Recorded data |

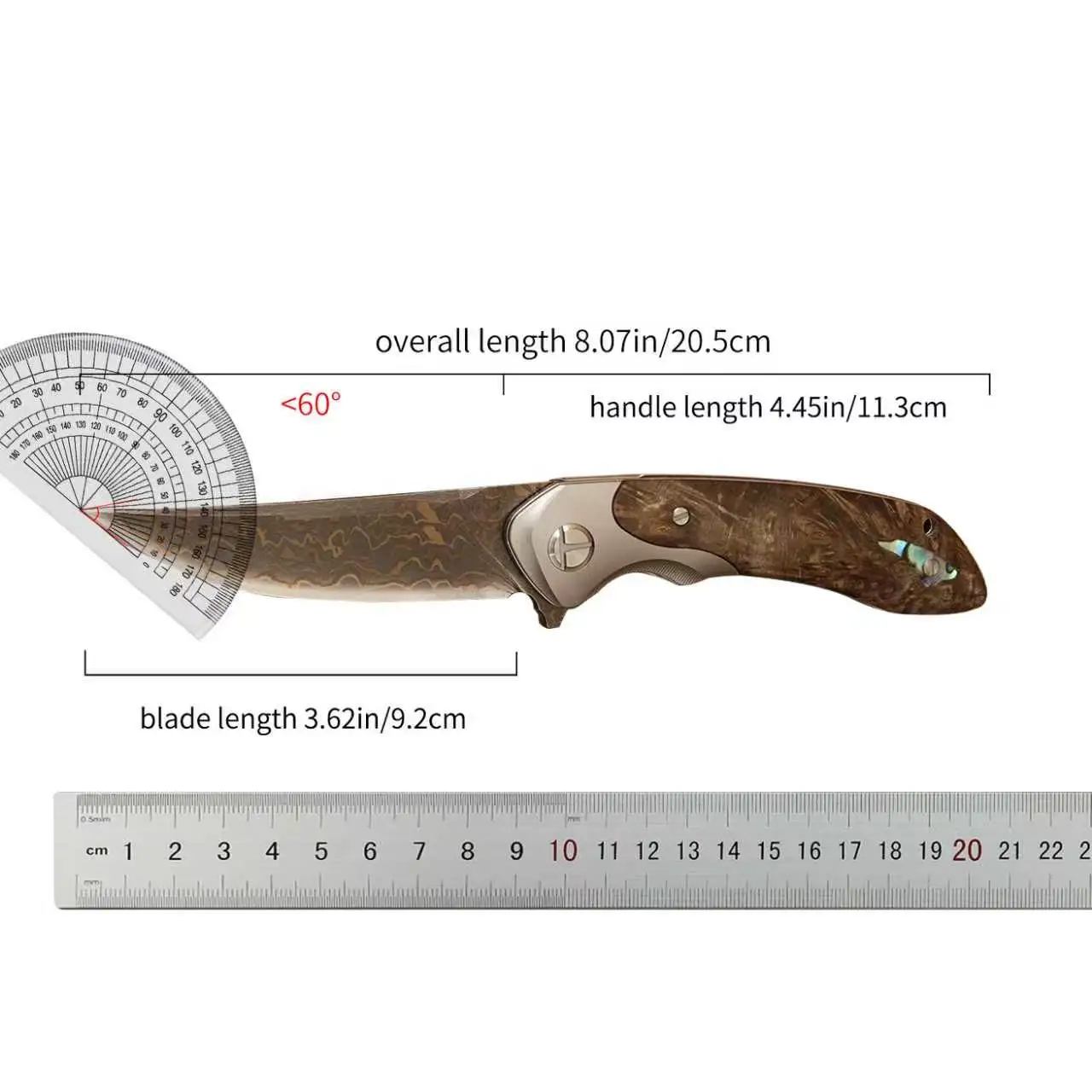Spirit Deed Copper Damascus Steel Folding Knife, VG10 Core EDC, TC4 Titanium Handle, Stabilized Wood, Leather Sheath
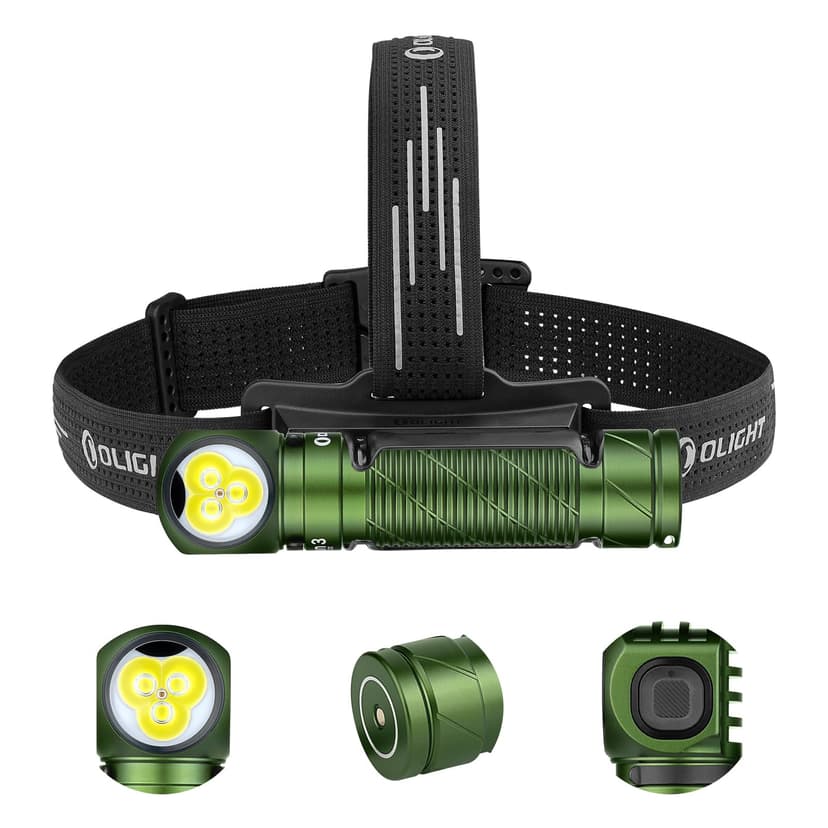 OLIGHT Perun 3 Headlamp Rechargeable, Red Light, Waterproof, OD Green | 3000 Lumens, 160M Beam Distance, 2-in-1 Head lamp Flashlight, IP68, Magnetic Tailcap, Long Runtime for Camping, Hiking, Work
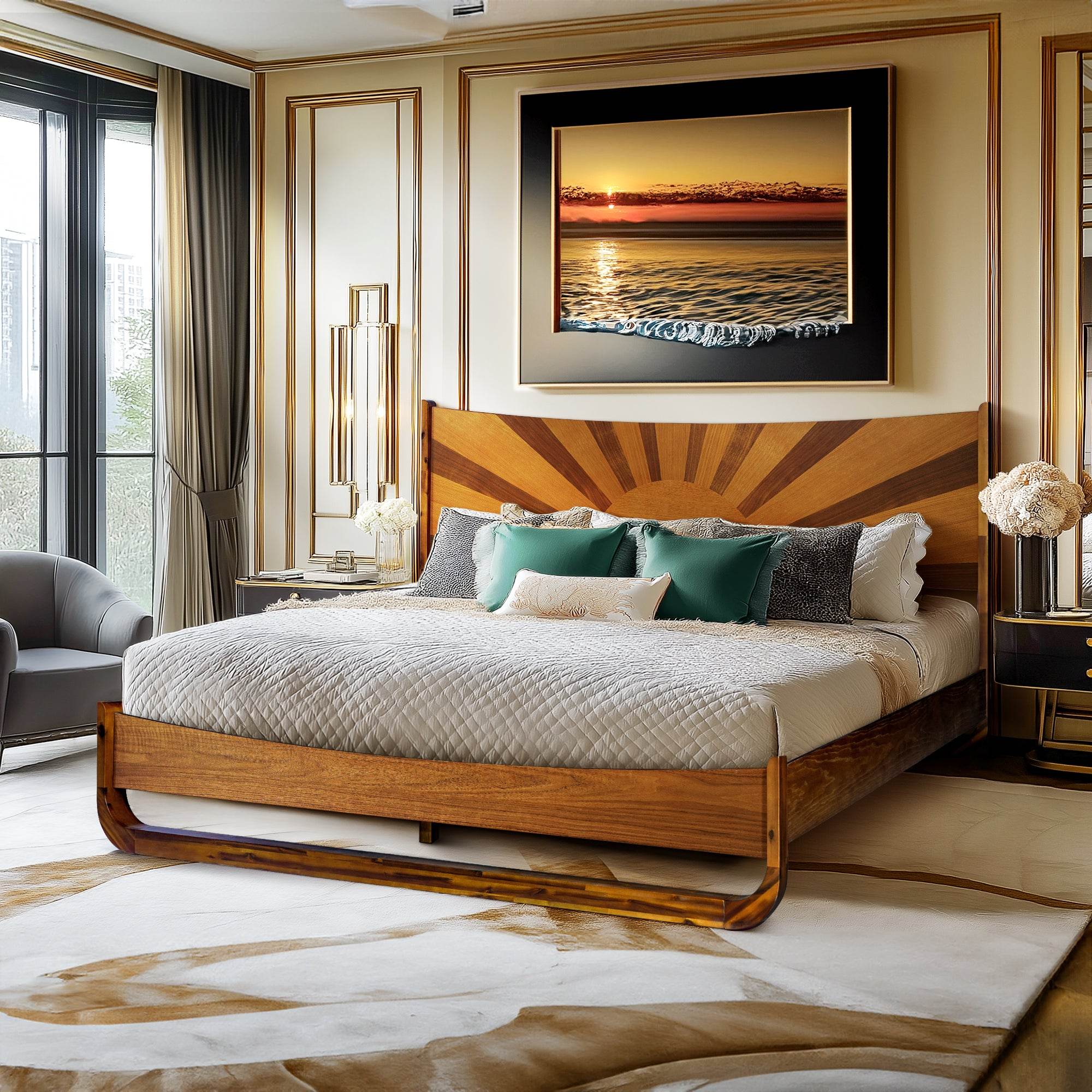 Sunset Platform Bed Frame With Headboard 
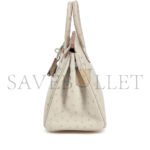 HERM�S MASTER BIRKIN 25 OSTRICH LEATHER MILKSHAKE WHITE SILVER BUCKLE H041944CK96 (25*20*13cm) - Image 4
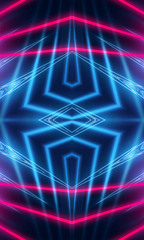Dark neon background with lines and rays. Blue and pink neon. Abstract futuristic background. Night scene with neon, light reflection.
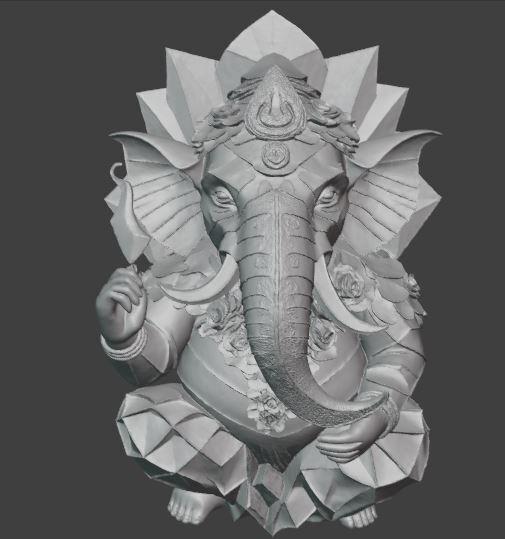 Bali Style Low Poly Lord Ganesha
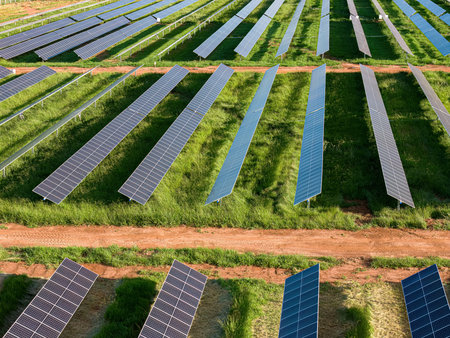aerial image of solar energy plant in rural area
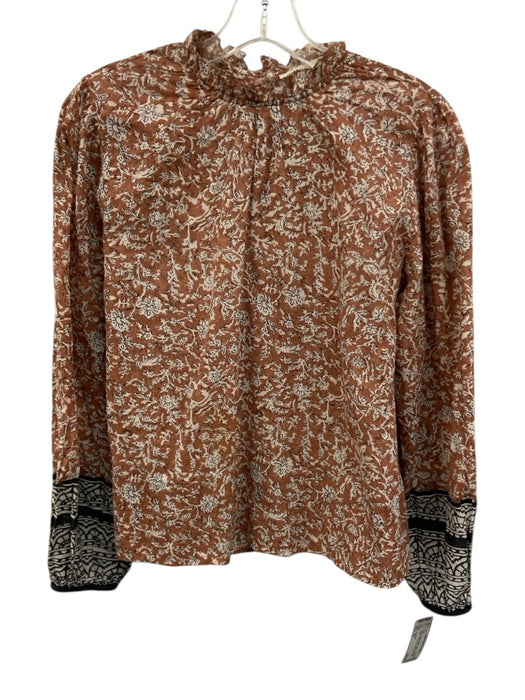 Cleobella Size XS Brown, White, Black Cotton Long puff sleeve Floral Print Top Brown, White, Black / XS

Task description |
No pictures belong in the output. It should reproduce exactly the lines from the one containing "Sunset Platform Bed Frame With Headboard" through the end of the data, both ends included.

Completed task |
 Sunset Platform Bed Frame With Headboard 
 HERM�S MASTER BIRKIN 25 OSTRICH LEATHER MILKSHAKE WHITE SILVER BUCKLE H041944CK96 (25*20*13cm) - Image 4
Dark neon background with lines and rays. Blue and pink neon. Abstract futuristic background. Night scene with neon, light reflection.
 Bali Style Low Poly Lord Ganesha
aerial image of solar energy plant in rural area
 Cleobella Size XS Brown, White, Black Cotton Long puff sleeve Floral Print Top Brown, White, Black / XS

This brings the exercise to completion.